The subject of pregnant Irish girls forced into slave labor in church-run homes is familiar from Peter Mullan's The Magdalene Sisters. But in Frears's telling, the subject remains fresh due to a brilliant screenplay which explores the dynamic bond of cynical Martin and pious Philomena, surprising at every turn. While the theme of a mother's disappeared child is in itself heart-breaking, Frears makes the story especially haunting when the child's destiny as a successful lawyer--and beyond--is finally uncovered. But given Frears's social concerns, this is no mere weeper. In exposing the machinations and concealments the Irish Sisters use to separate mother and child, he mounts a scathing critique of righteous villainy under the guise of saintliness. The story's complex resolution, which I will not reveal, is deeply satisfying.
Less successful is Kelly Reichardt's Night Moves. The film is particularly frustrating because so many elements are in place: a splendid cast; the director's trademark feeling for Oregon's beauty, and, best of all, a relatively high-concept plot after such past meanderings short on story as Old Joy.

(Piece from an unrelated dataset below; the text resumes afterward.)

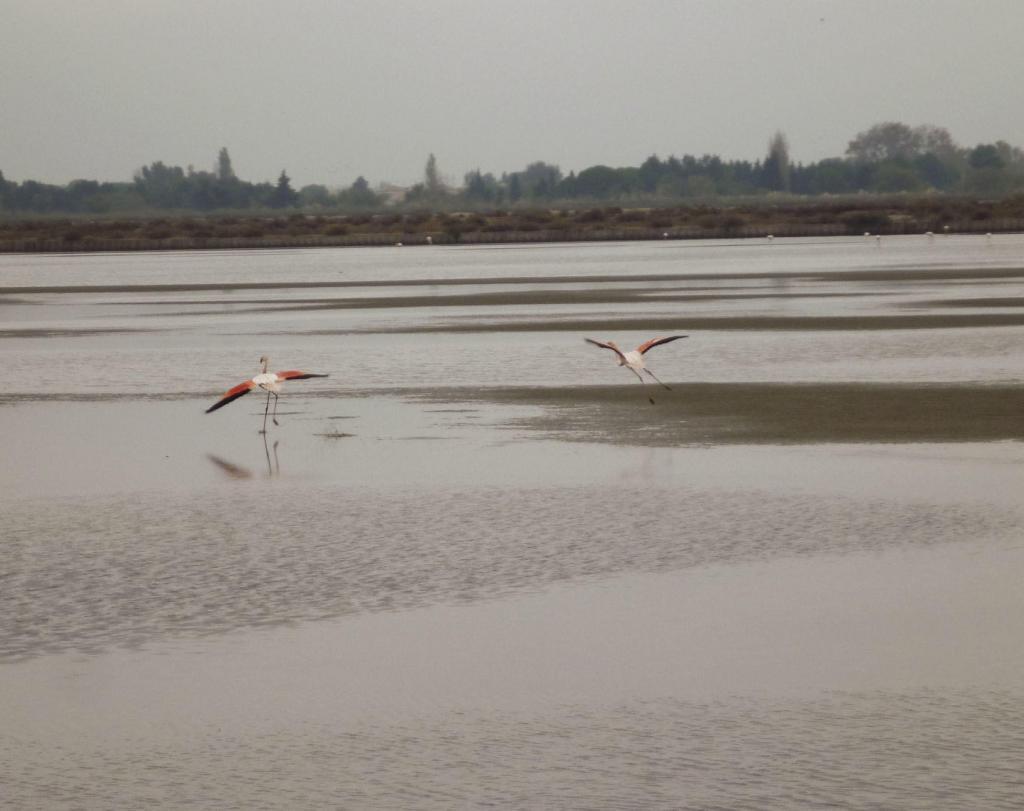 Pink Flamingos Aigues Mortes Salt flats Fleur de Sel Salins @PerfProvence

Aptly titled, Night Moves unfurls mainly in darkness and at night, which makes the daylight scenes on an Oregon farming cooperative all the more striking. The film centers on a trio of eco idealists whose efforts to halt the industrial despoilment of the planet turn to violent acts. Jesse Eisenberg is the kingpin of a plot to blow up a dam, assisted by rich girl Dakota Fanning and ex-marine Peter Sarsgaard. The actors are all superb, the naturalness of their dialogue vintage Reichardt. Eisenberg is intensely private and a coil of angry energy, though you never forget you're watching this particular actor rather than his character; Fanning a revelation as a confident, impassive cohort who cracks when the scheme goes wrong; and Sarsgaard magnetic and inscrutable portraying the idealist as loose cannon. As the trio implements their scheme we root for them--as we do for characters undertaking a difficult task. Reichardt newly reveals her talent for suspense as the trio docks their dynamite-loaded boat at the dam before making their getaway in a canoe. Then, along with the dam, the film implodes. A finger-wagging morality lecture is added on about the dangers of idealistic violence. Are we meant to conclude that extreme protest can bring only mayhem and madness? Somehow Night Moves has shifted into Kathy Boudin/Weathermen terrain, dissipating the power of its original vision.